09/05/2013 20h13

Quem sofre de fibromialgia cobra do SUS atendimento adequado

Portadores de fibromialgia lotam audiência pública da Comissão de Seguridade Social e Família para cobrar do SUS atendimento adequado à doença. 

Eles reivindicam que o Sistema Único de Saúde garanta atendimento médico qualificado e assistência multidisciplinar com profissionais da reumatologia, neurologia, gastroenterologia, psicoterapia, ortopedistas e ginecologista, pois 90% dos casos de fibromialgia ocorrem em mulheres.

Fibromialgia é uma forma de reumatismo associada à da sensibilidade do indivíduo frente a um estímulo doloroso e pode ocorrer em músculos, tendões e ligamentos.

Os remédios utilizados no tratamento não são oferecidos gratuitamente pelo SUS. O reumatologista Roberto Heymann, um dos palestrantes da audiência pública, comentou sobre esse custo.

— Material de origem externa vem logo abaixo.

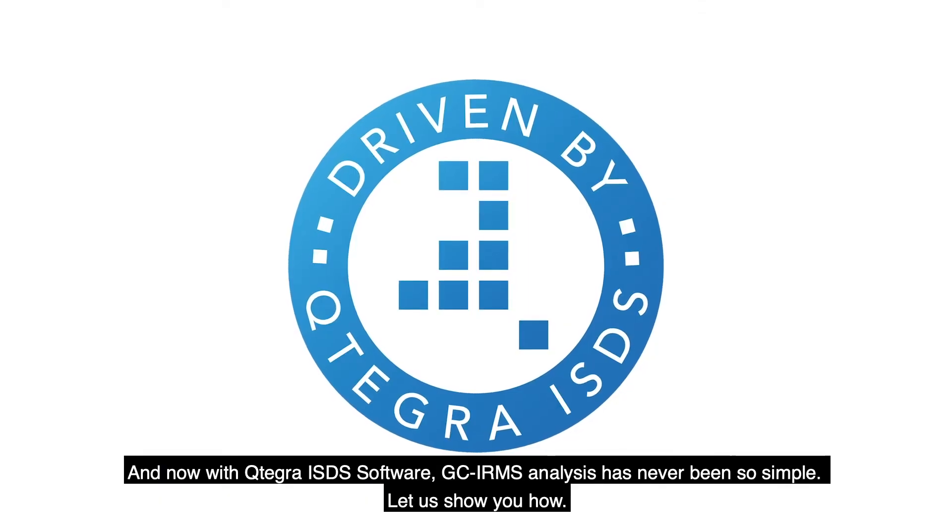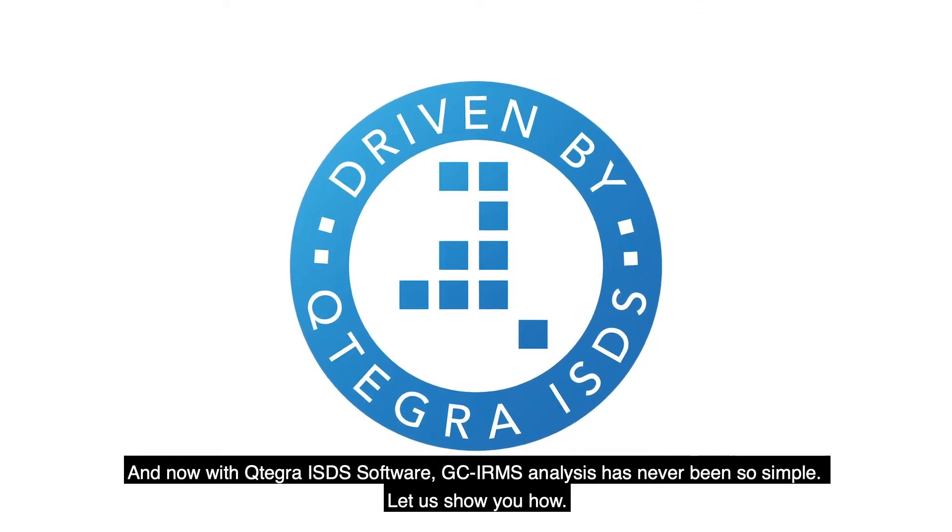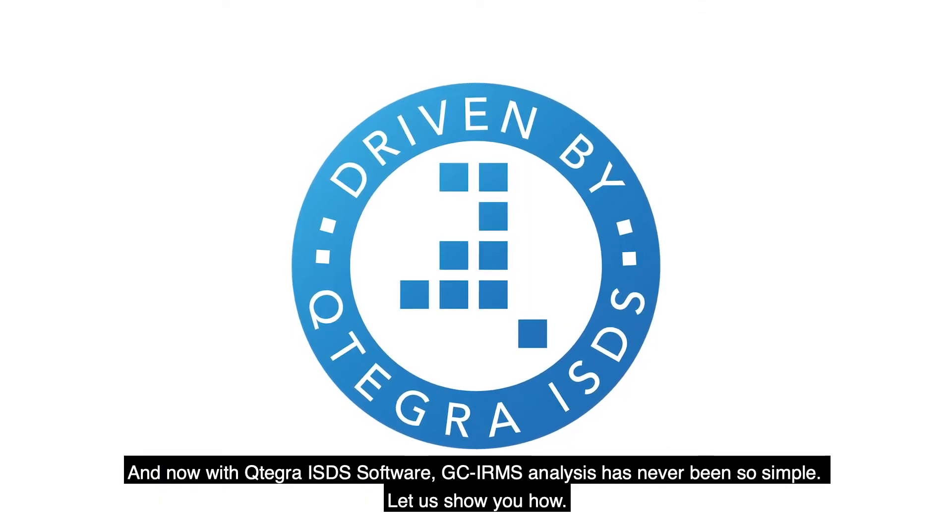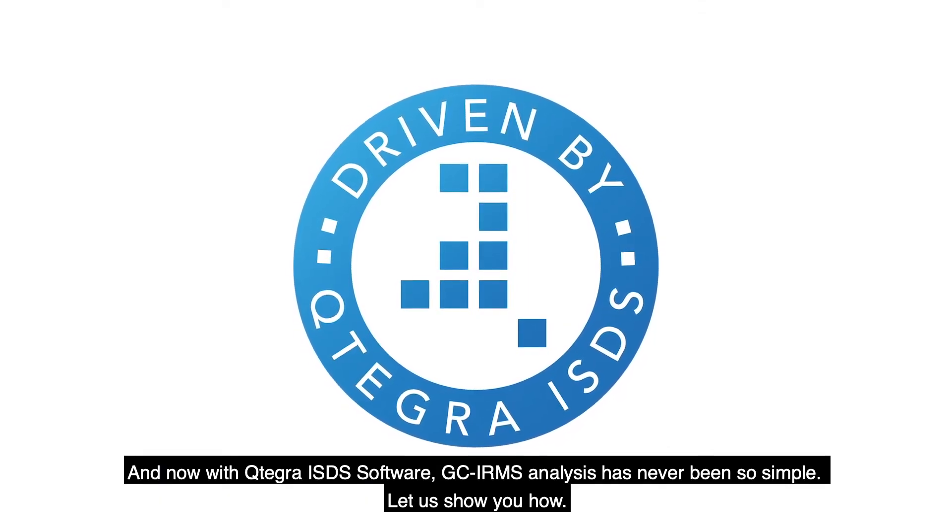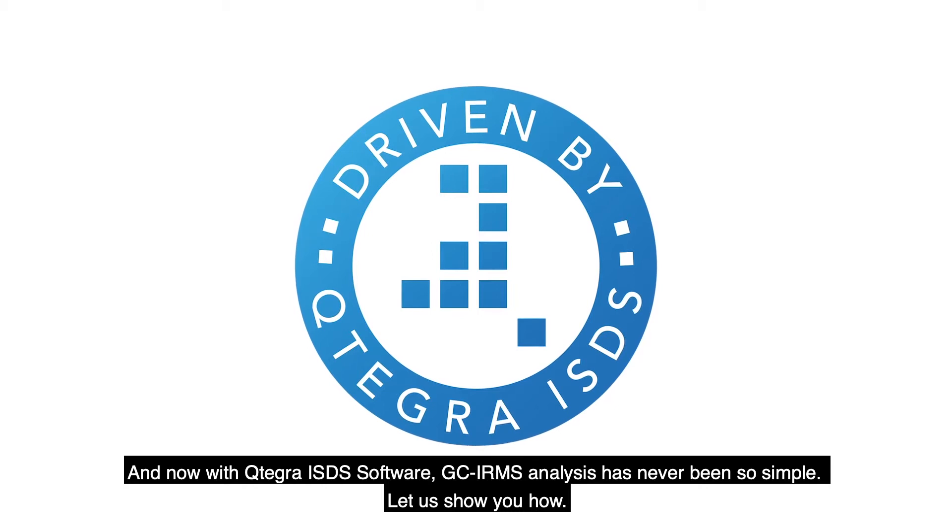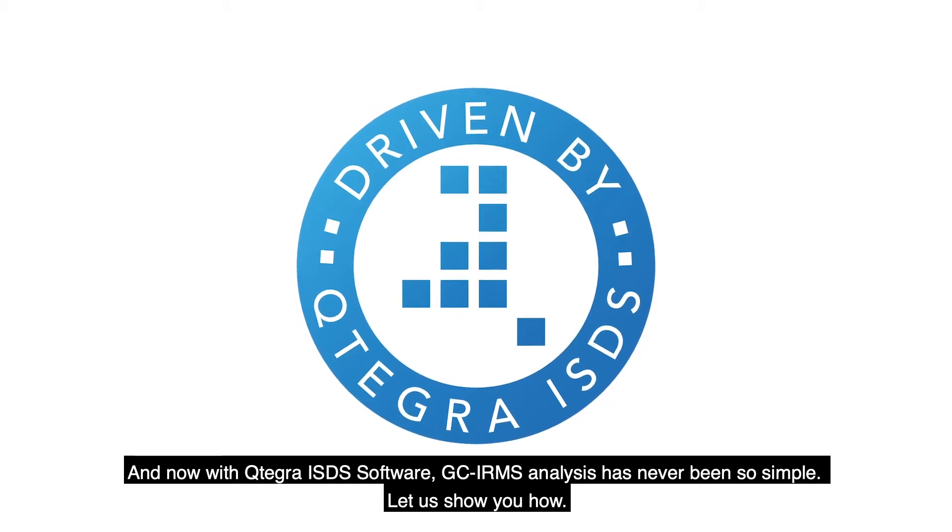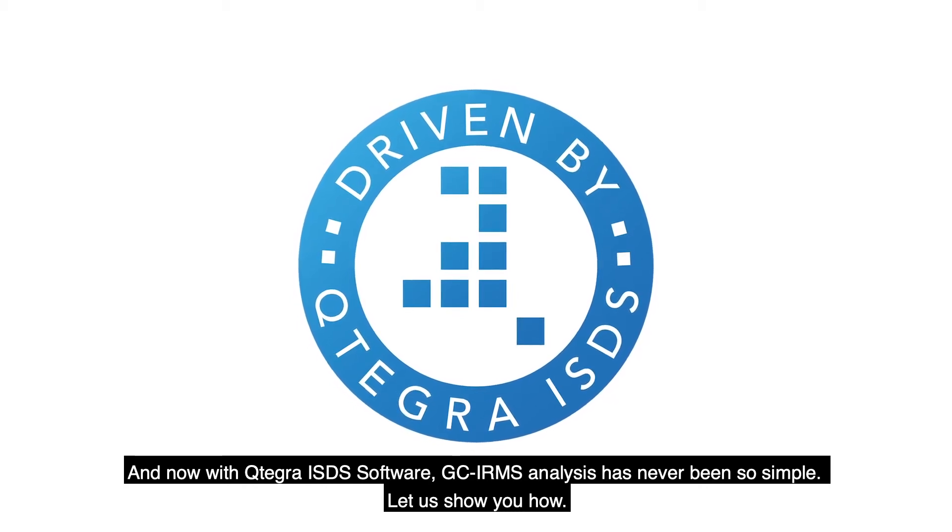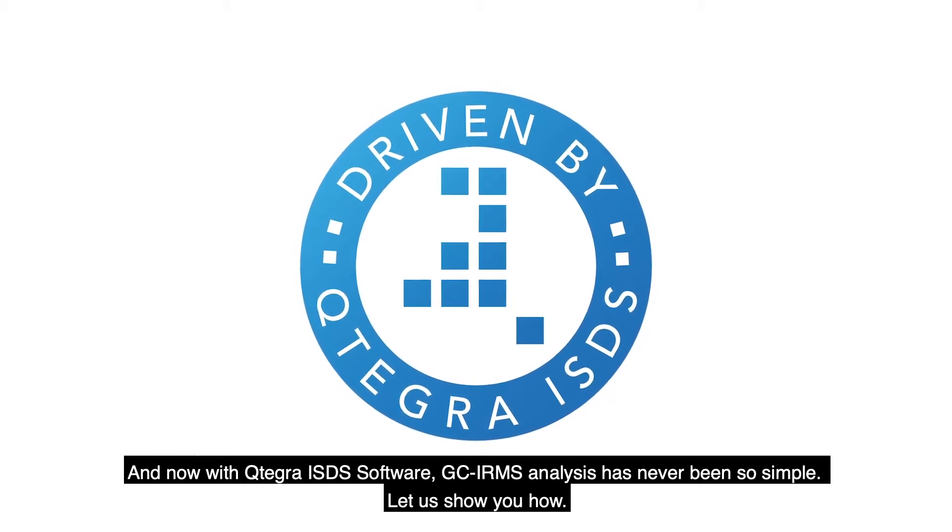And now with Cutegra ISDS Software, GC-IRMS analysis has never been so simple. Let us show you how.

"Os medicamentos novos aprovados para o tratamento da fibromialgia oficialmente aprovados custam em média, mensalmente, em torno de R$ 20 a R$ 300 por mês aproximadamente."

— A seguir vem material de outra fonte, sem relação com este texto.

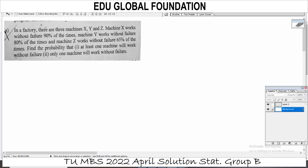In this video, we will explain the details. In a factory, there are three machines X, Y and Z. Machine X works without failure 90% of the times, Y works without failure 80% of the times, and Z works without failure 65% of the times. Find the probability that: first, at least one machine will work without failure; second, only one machine will work without failure.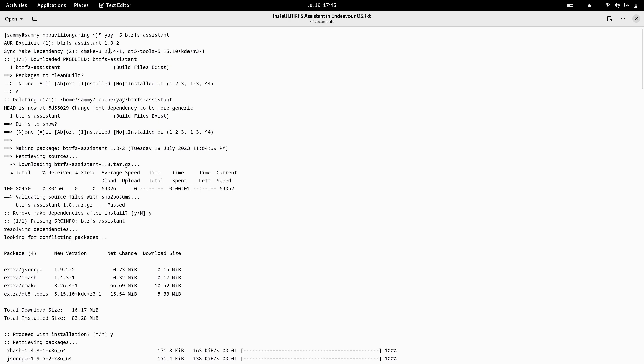It will show you the version of the Btrfs Assistant package available in the AUR, along with the make dependencies required to build the package's binary file, as well as the related dependencies. Then it will install the binary file and the related library packages on your system.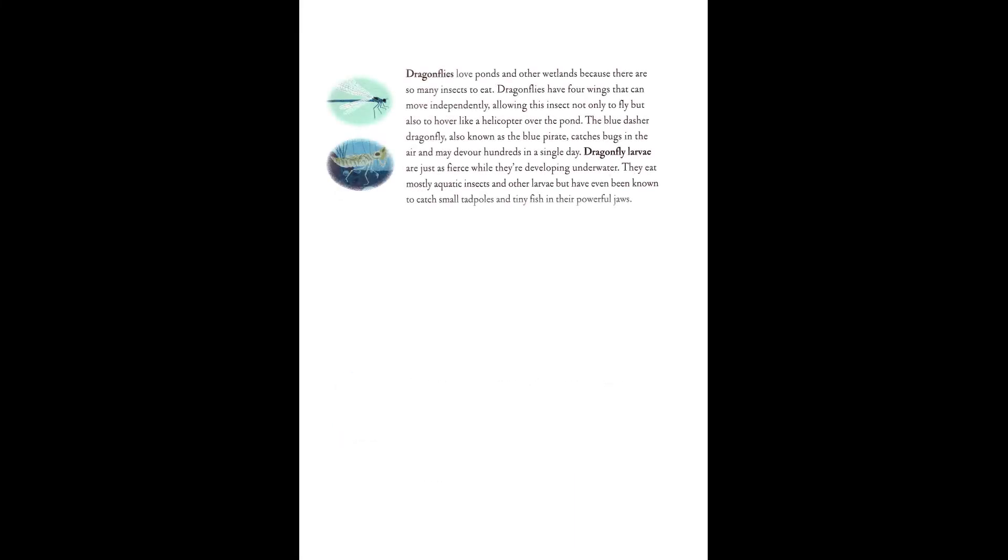Dragonflies. Dragonflies love ponds and other wetlands because there are so many insects to eat. Dragonflies have four wings that can move independently, allowing this insect not only to fly, but also to hover like a helicopter over the pond. The blue dasher dragonfly, also known as the blue pirate, catches bugs in the air and may devour hundreds in a single day. Dragonfly larvae are just as fierce when they're developing underwater. They eat mostly aquatic insects and other larvae, but have even been known to catch small tadpoles and tiny fish in their powerful jaws.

Não apenas de dor muscular reclama quem tem a doença. Sintomas como fadiga intensa, irritação intestinal, dor de cabeça, movimento involuntário das pernas durante o sono, bexiga solta e inchaço das mãos e dedos arroxeados em ambientes frios foram observados pelos médicos.

De difícil diagnóstico por exames laboratoriais, quem tem fibromialgia espera que o SUS ofereça o exame de termografia. O médico Marcos Briosch explica como é o exame.

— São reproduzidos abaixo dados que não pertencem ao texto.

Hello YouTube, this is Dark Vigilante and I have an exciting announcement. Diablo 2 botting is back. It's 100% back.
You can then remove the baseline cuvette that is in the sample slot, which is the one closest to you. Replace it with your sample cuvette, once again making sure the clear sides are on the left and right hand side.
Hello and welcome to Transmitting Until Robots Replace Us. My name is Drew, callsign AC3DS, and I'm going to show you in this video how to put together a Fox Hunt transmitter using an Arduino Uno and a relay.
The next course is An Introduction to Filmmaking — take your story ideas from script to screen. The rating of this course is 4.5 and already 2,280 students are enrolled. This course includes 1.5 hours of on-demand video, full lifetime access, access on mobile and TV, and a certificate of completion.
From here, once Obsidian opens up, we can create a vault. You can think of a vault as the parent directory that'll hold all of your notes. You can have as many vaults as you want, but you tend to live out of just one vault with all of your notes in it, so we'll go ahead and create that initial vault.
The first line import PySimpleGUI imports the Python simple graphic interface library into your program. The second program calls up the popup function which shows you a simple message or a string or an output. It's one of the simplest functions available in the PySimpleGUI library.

"Esse é um exame que faz uma filmagem. Ele filma o calor que é emitido do corpo. Então o indivíduo tem que estar preparado dez minutos, numa sala a 24 graus, e, em seguida, é feita a filmagem. No total, demora 40 minutos o exame todo, mas não entra dentro de um tubo e nada. A pessoa fica em pé, sendo avaliada e vendo as alterações em tempo real, enquanto vai conversando com o médico que está fazendo o exame, esclarecendo as dúvidas, tentando encontrar porque ele sente uma dor no ombro, no joelho e assim por diante."

Reclamações contra o mau atendimento da perícia médica do INSS foram lembradas pela deputada Érica Kokay, do PT do Distrito Federal, que vai propor projeto de lei para criação de ouvidorias para apurar denúncias contra os peritos.

"Nós vimos aqui vários relatos de pessoas que se sentiram discriminadas, foram ofendidas durante uma perícia médica. Que nós tenhamos um canal para que essas pessoas possam fazer as suas denúncias. Assegurar que o INSS possa apurar, avaliar essas denúncias e que, havendo a comprovação da culpa, que esses profissionais possam ser responsabilizados."

No dia 12 de maio é comemorado o Dia Internacional da Fibromialgia.